Article
July 01, 2009
Go west, young artists
MADE in the WEST brings art and industrial design home to Cowtown
Several western Canadian industrial designers and artists felt they had to go to Toronto to get noticed in their fields. Frequently, they would meet each other at Toronto trade shows and exhibitions not in western Canada. “I would go on trips to Toronto all the time and see the same people,” explains industrial designer John Greg Ball.
Last year, at an arthouse exhibition, Calgary’s Ball, Edmonton’s Shoko Cesar and others sparked the idea to launch an exhibit right here in western Canada.
So was born MADE in the WEST, an art and industrial design exhibit showcasing talent from across western Canada. The exhibit is slated for Calgary until June 8, and then from June 20 to July 2, the exhibit will be presented in Edmonton at The Works Festival.
Ball and interior designer Laura Fenniak, owner of arthouse, co-curated the show. “For the designers and artists who work locally, MADE in the WEST will spotlight the really interesting work they’re doing and recognize them locally,” explains Ball.

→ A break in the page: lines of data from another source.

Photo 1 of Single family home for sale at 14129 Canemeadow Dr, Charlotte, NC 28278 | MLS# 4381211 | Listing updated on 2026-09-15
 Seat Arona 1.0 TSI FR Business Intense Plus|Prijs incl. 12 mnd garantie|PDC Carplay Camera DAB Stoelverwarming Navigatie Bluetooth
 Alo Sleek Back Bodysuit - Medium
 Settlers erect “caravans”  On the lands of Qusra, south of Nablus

Although the exhibit is now scheduled for Calgary and Edmonton, the curators and exhibitors are open to expanding to include more western Canadian venues and dates. From emerging Ball to Vancouver’s established Brent Comber and his famed Alder Kiss, the eclectic mix of industrial designers and artists hail from across western Canada.
Ball and Cesar, known for The Hoodoo series inspired by the Alberta landscape, will present their latest Hoodoo design, the Buckshot Light. “Buckshot blurs the boundaries between Art and Design using a 12-gauge shotgun as a vehicle of creativity to create this series of work,” says Ball.
Another Calgary and Edmonton design group, Loyal Loot Collective, will present its Soft table. Loyal Loot members Doha Chebib, Carmen Douville, Dara Humniski and Anna Thomas, specialize in furniture, products and clothing. “Soft table has a solid surface on its centre and a flexible surface on its edge,” says Loyal Loot. “Objects can be placed on the solid centre, or possessions can be hidden inside the thin pocket on the edge. The pocket ring draws a line between what is soft and what is solid.”
Winnipeg-based industrial designer Matthew Kroeker will present his Saw Lamp. “Paying homage to ancestral furniture makers, Saw is at once sculpture and furniture,” says Kroeker. “The solid wood table contains several stylized ‘saw cuts’ into which the nickel-plated lamp post is inserted, each providing a different intensity of light or not light at all when placed in the resting slot.”
Formerly known as Plastic Buddha design, Winnipeg’s Craig Alun Smith will present BRDI, a 21st-century solar-powered clothes drying system (or clothes line) for Canadian manufacturer HutJ.
“One of the reasons, I designed BRDI was to stick up a middle finger at Suburban North American communities who with few exceptions have outlawed clotheslines for ‘esthetic’ reasons and conformity,” says Smith. “If all Americans line-dried, it would save seven per cent of the country’s total residential output of carbon dioxide.”